Practitioners, basing individual or group processes on the work of Bert Hellinger, disclose deviations in the ancestral family field resulting from events that deviated from the natural order that determines. They then suggest corrective interactions to bring healing to that field and awareness of the present entanglement with past deviations from the natural order of love.

Traditional Modalities.
The practices of the First Nations can be profitably adapted, such as Soul Retrieval and Shamanic Ritual. Plant Spirit Medicine uses local vegetation not as healing herbs, but as conveyers of nature's healing intention. The Sweat Lodge is a potent purification ceremony. Drumming Circles can be quite helpful. The Vision Quest, three or four days of solo fasting and ritual in the wilderness, can be life-transformative. Finally, one's spirituality can be enhanced through training that teaches how to survive with only what nature directly provides.

Meditation.
Devotion to the exploration of one's inner life may be an important aspect of healing. Some methods are structured, while some are formless. Some require stillness, while some involve movement. Activities like journaling or walking can be developed as meditative practices. A person may explore several methods to find the one that works best.

Esoteric Practices.
Illuminating the essential forces in one's life course can enhance one's healing efforts.
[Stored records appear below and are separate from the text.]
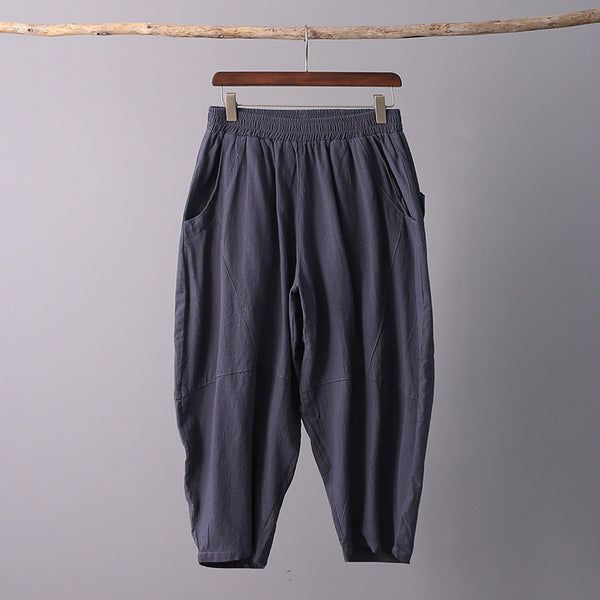 Women Casual Linen and Cotton Lantern Cropped Pants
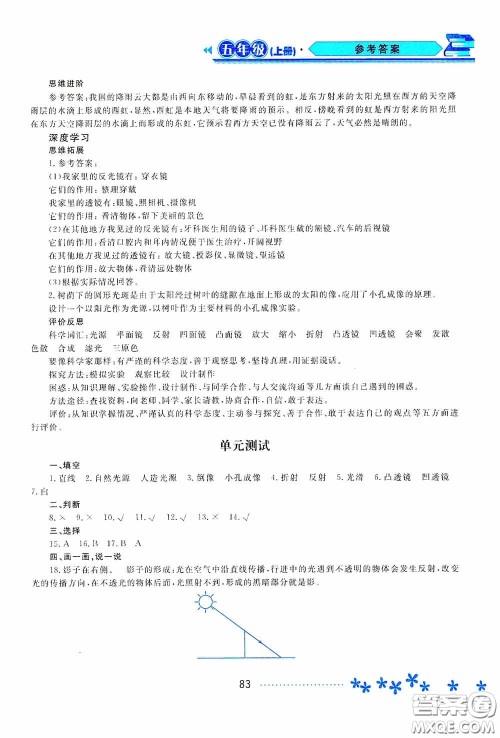 黑龙江教育出版社2020资源与评价五年级科学上册苏教版答案 黑龙江教育出版社2020资源与评价五年级科学上册苏教版答案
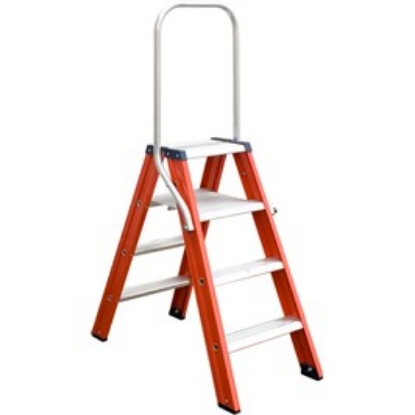 Afbeeldingen van Kelfort Trap MAGNUS 2x4 gecoat aluminium rood met beugel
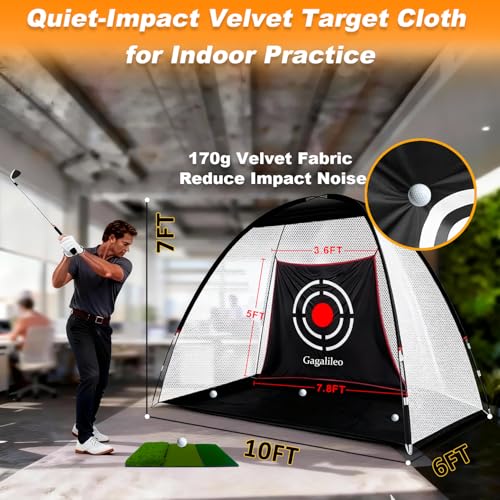 Gagalileo 10x7FT Backyard Golf Practice Net with Velvet Target & Complete Training Set – White, Model Variation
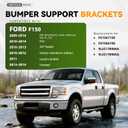 ALMULOO Front Bumper Brackets Set Mounting Compatible with 2009-2014 Ford F-150 F150 Support Brackets Replacement for 9L3Z17B984A FO1067180 9L3Z17B985A FO1066180 Steel Left and Right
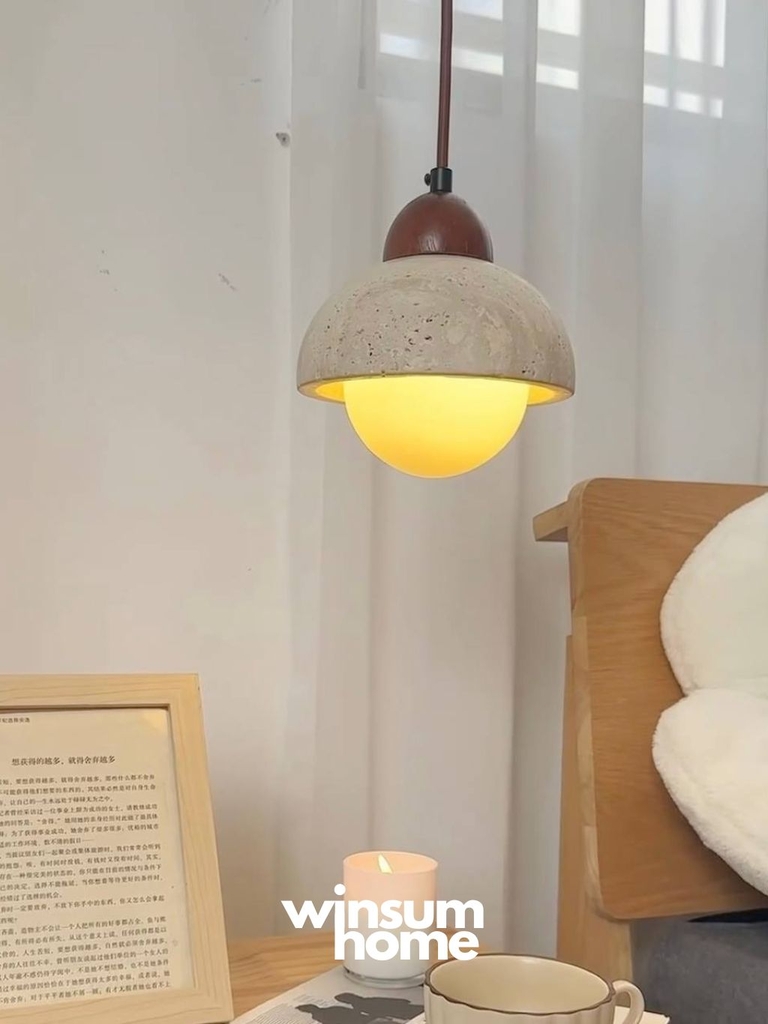 Đèn thả trần đá travertine, đèn thả đầu giường, đèn trang trí quầy bar, đảo bếp - winsum.decor DPA05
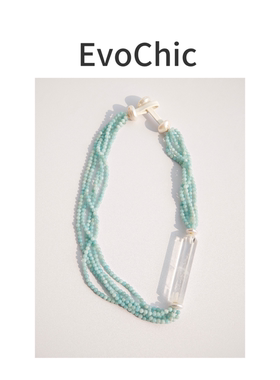 天河石巴洛克珍珠白水晶柱项链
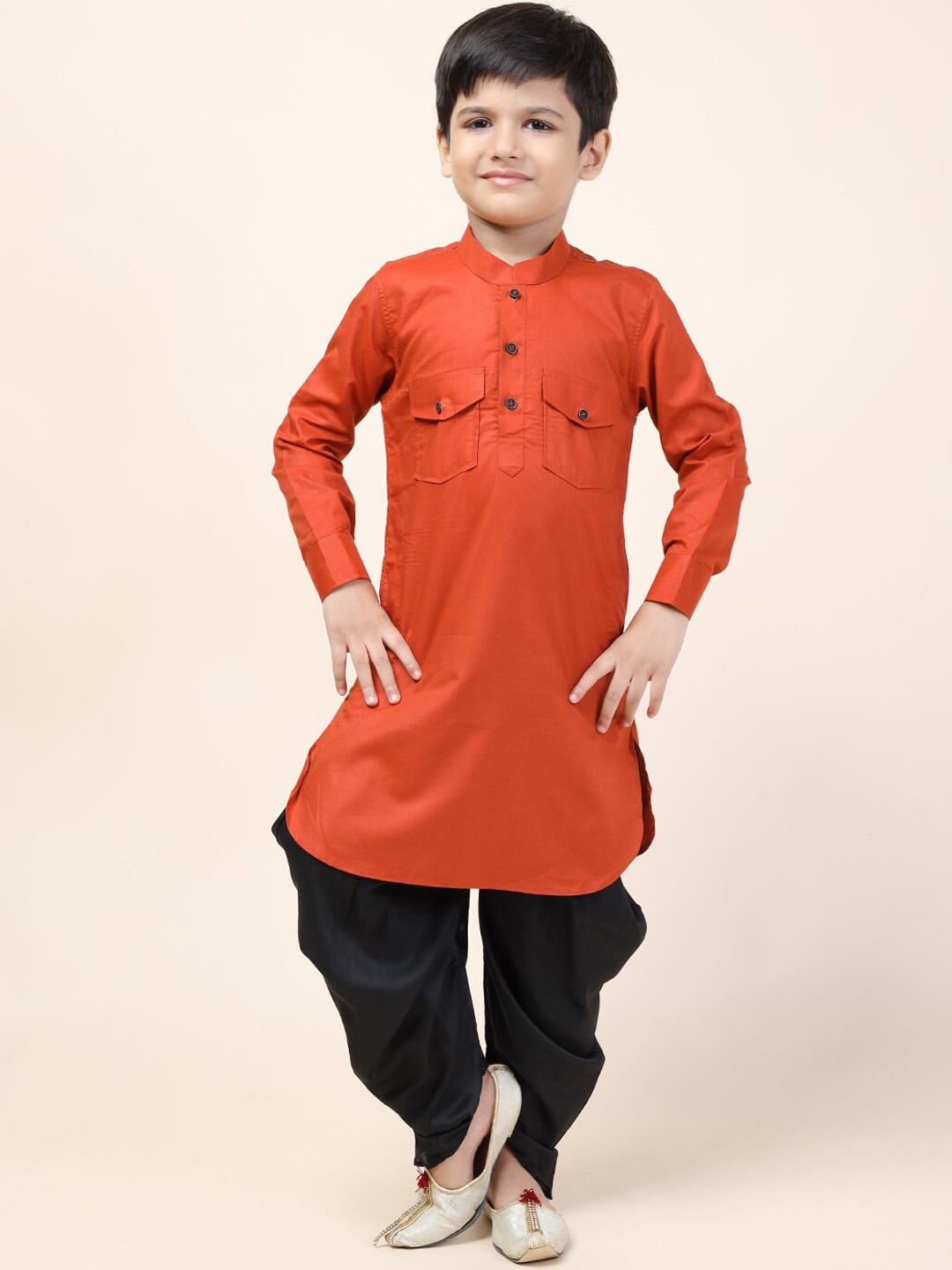 

NAMASKAR Boys Rust Pure Cotton Kurta with Patiala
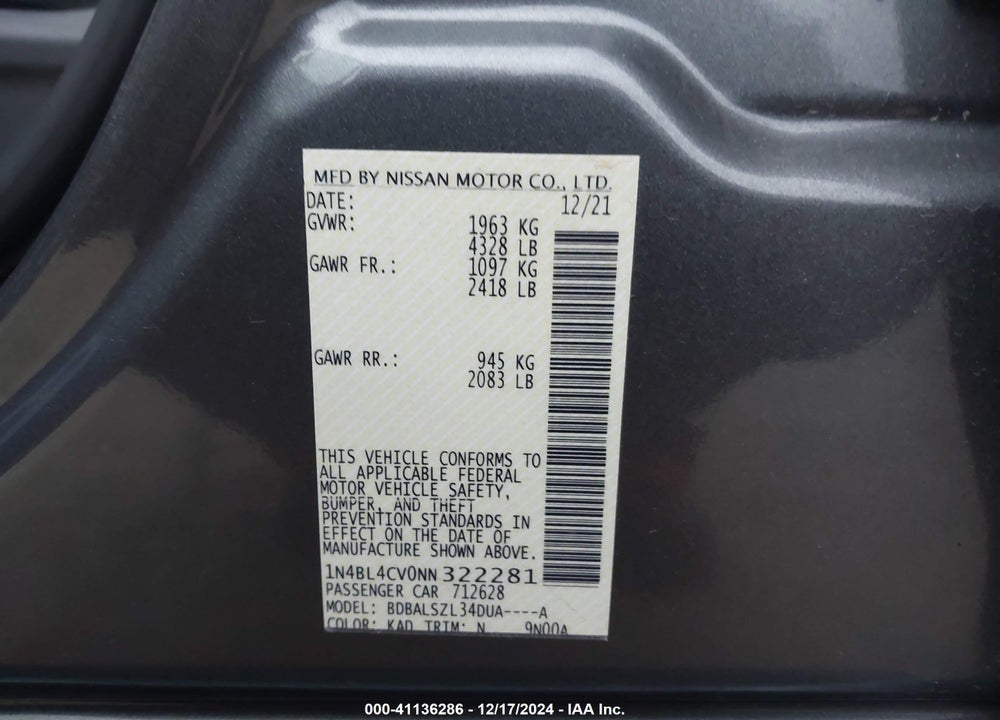 2022 NISSAN ALTIMA VIN: 1N4BL4CV0NN322281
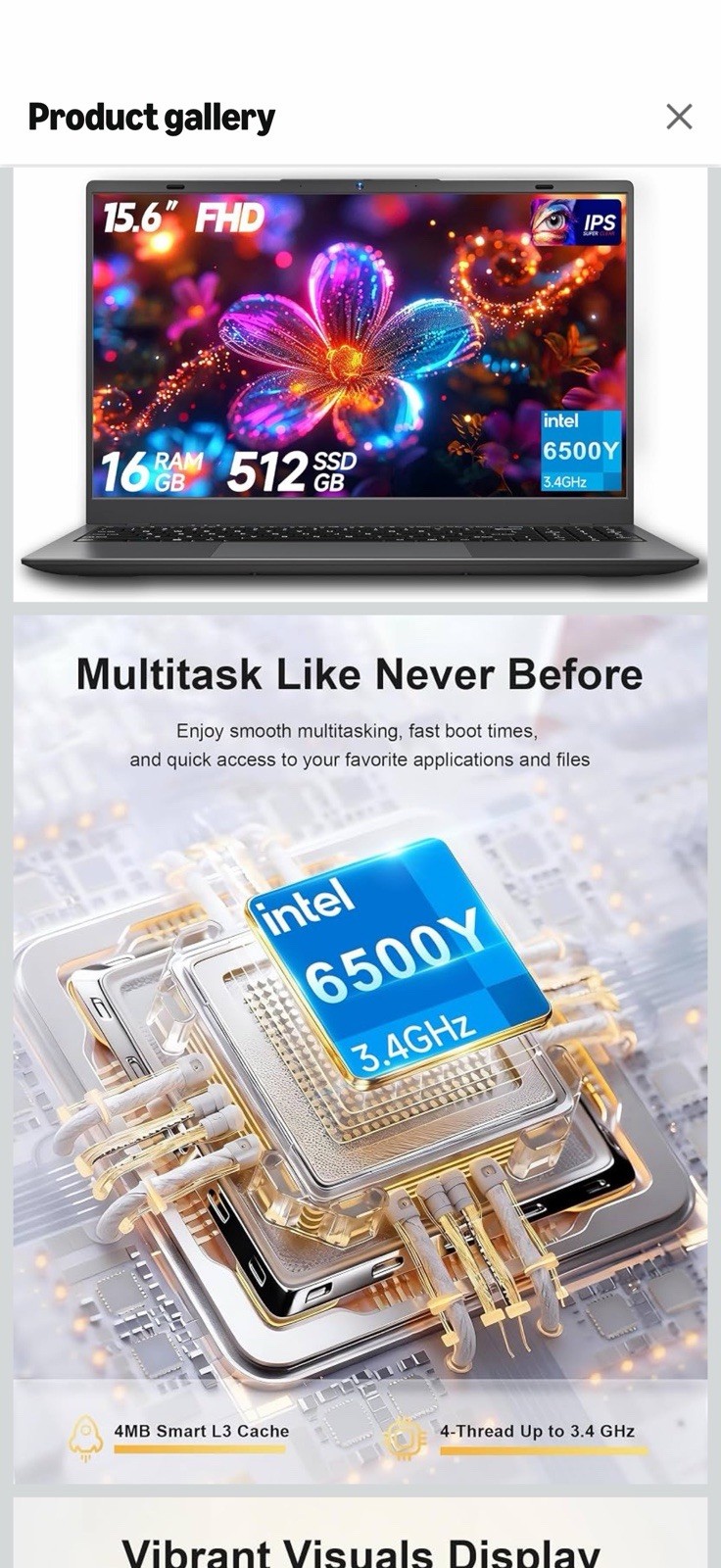 BLUEING 15.6″ FHD Laptop Win 11 Intel 6500Y 16GB 512GB SSD Gray
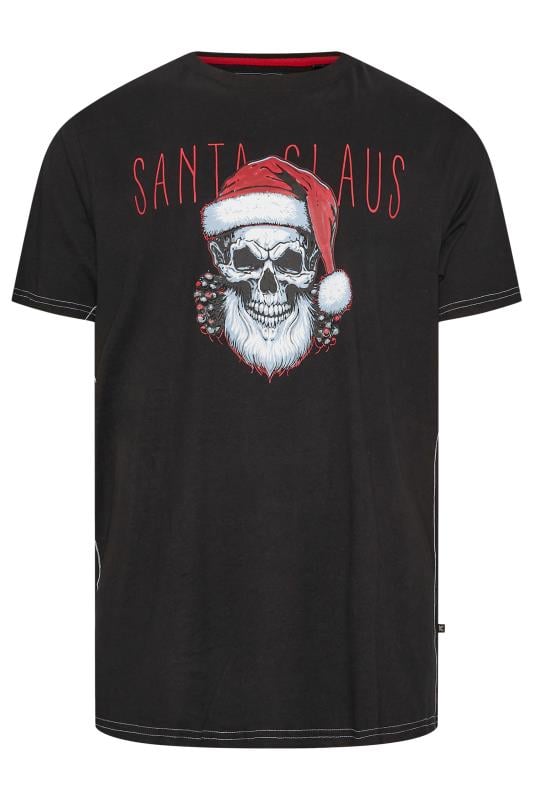 KAM Black Santa Skull Graphic Print T-Shirt | BadRhino 3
Process of this kind, gifts of the Divine, include the I Ching, the Enneagram, Tarot, Astrology, and Human Design.

Psychotherapy.
Conventionally, psychotherapy would be first on this list, with all the rest considered "alternative" means of healing. Placing it last suggests that the therapist is in a good position to help a person draw all he’s gathered in the several modalities he has engaged in a coherent new life.